[ASSIGNMENT] Quote the data below in full, minus the images.

[MATERIAL FOR THIS TASK]
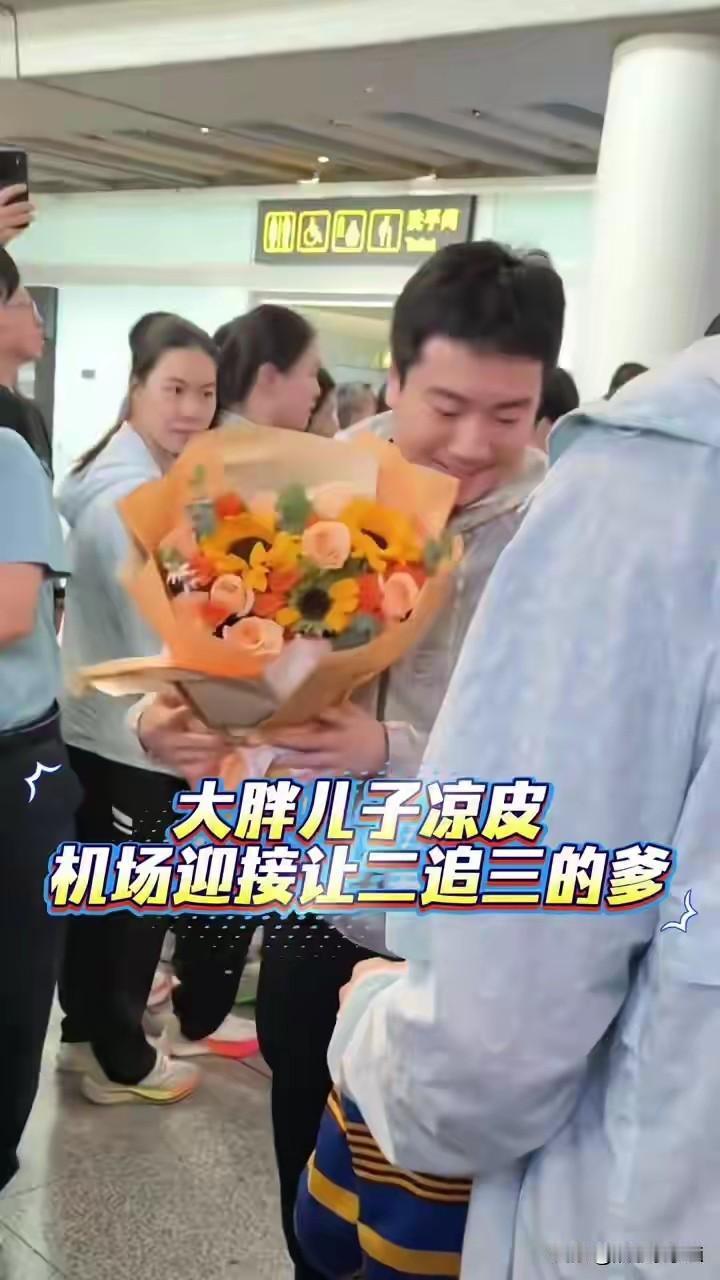粱靖崑回到北京，看到老婆带着两个孩子来接机，手捧着鲜花手，露出了幸福的笑容，开心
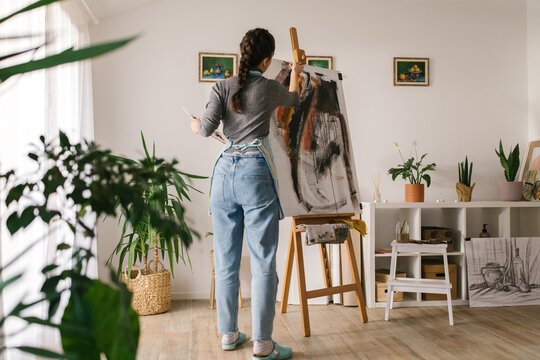 Female artist in art studio painting on canvas
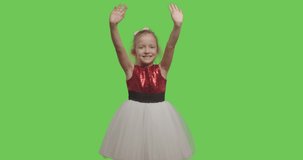 Friendly girl waving hand smiling greeting welcoming over green screen background. Cheerful pretty female kid wearing ball dress on chroma key. 4k raw video footage slow motion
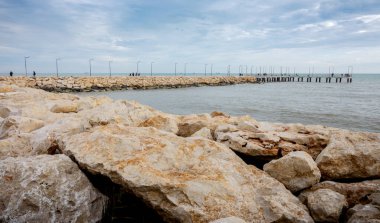 İnsanlar manzaranın tadını çıkarmak için rıhtıma giden kayalar.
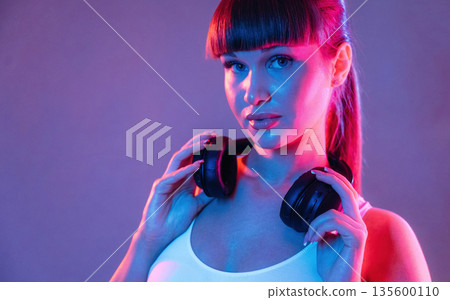 Headphones on the neck. Young sportive woman is in the studio 135600110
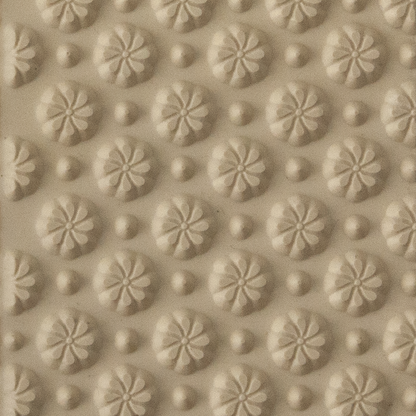 Texture Tile - Field of Daisies. Beige Texture Tiles are flexible, washable and can be used with any soft clay. Spritz with CoolSlip or dust on Dry Powder Release for stick-free impressions when using metal clay and polymer clay.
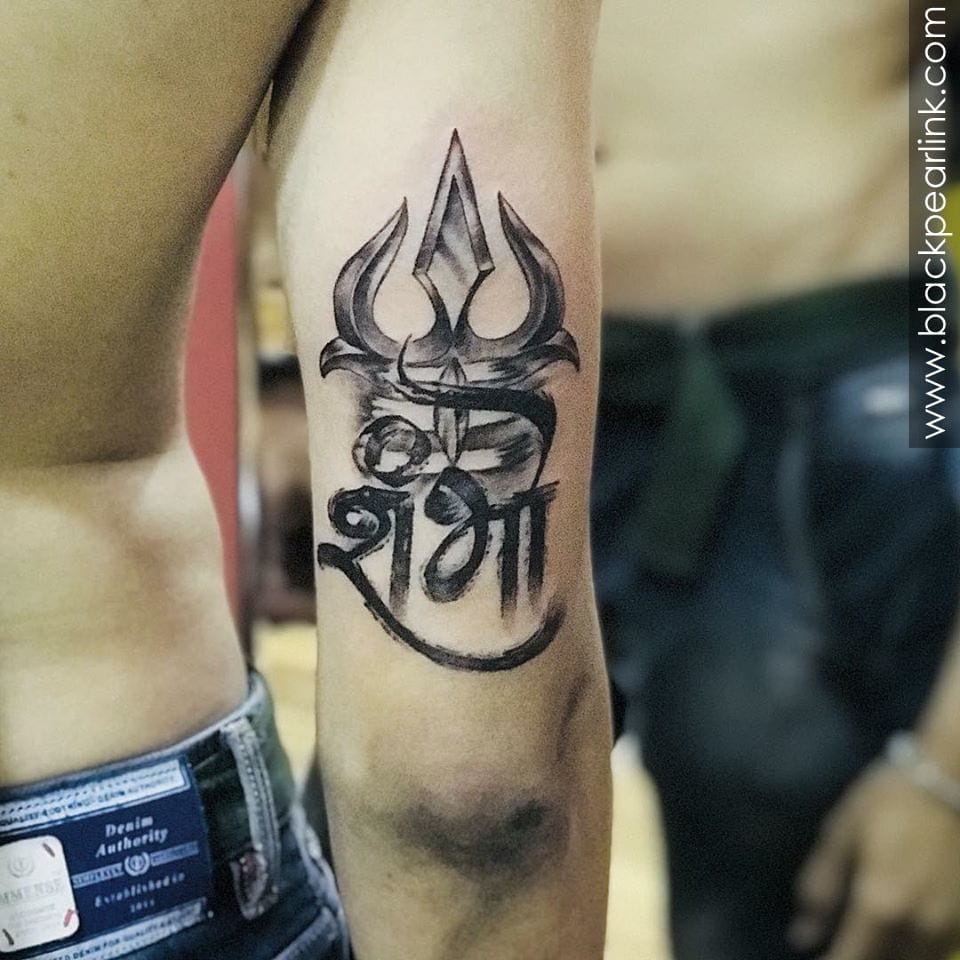 an Indian tattoo with a trishul design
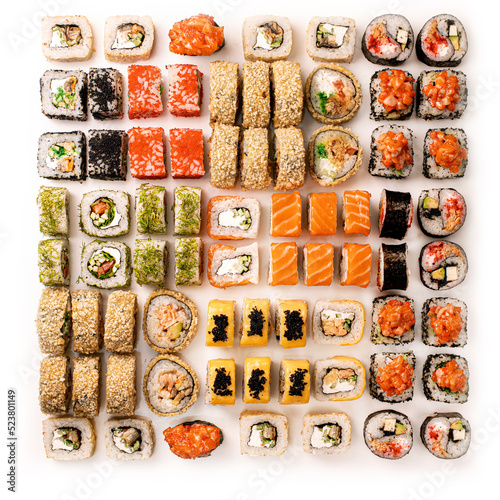 Big colorful sushi set on a white background. Top view.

[EXERCISE ANSWER]
粱靖崑回到北京，看到老婆带着两个孩子来接机，手捧着鲜花手，露出了幸福的笑容，开心
 Female artist in art studio painting on canvas
 Friendly girl waving hand smiling greeting welcoming over green screen background. Cheerful pretty female kid wearing ball dress on chroma key. 4k raw video footage slow motion
 İnsanlar manzaranın tadını çıkarmak için rıhtıma giden kayalar.
 Headphones on the neck. Young sportive woman is in the studio 135600110
 Texture Tile - Field of Daisies. Beige Texture Tiles are flexible, washable and can be used with any soft clay. Spritz with CoolSlip or dust on Dry Powder Release for stick-free impressions when using metal clay and polymer clay.
 an Indian tattoo with a trishul design
 Big colorful sushi set on a white background. Top view.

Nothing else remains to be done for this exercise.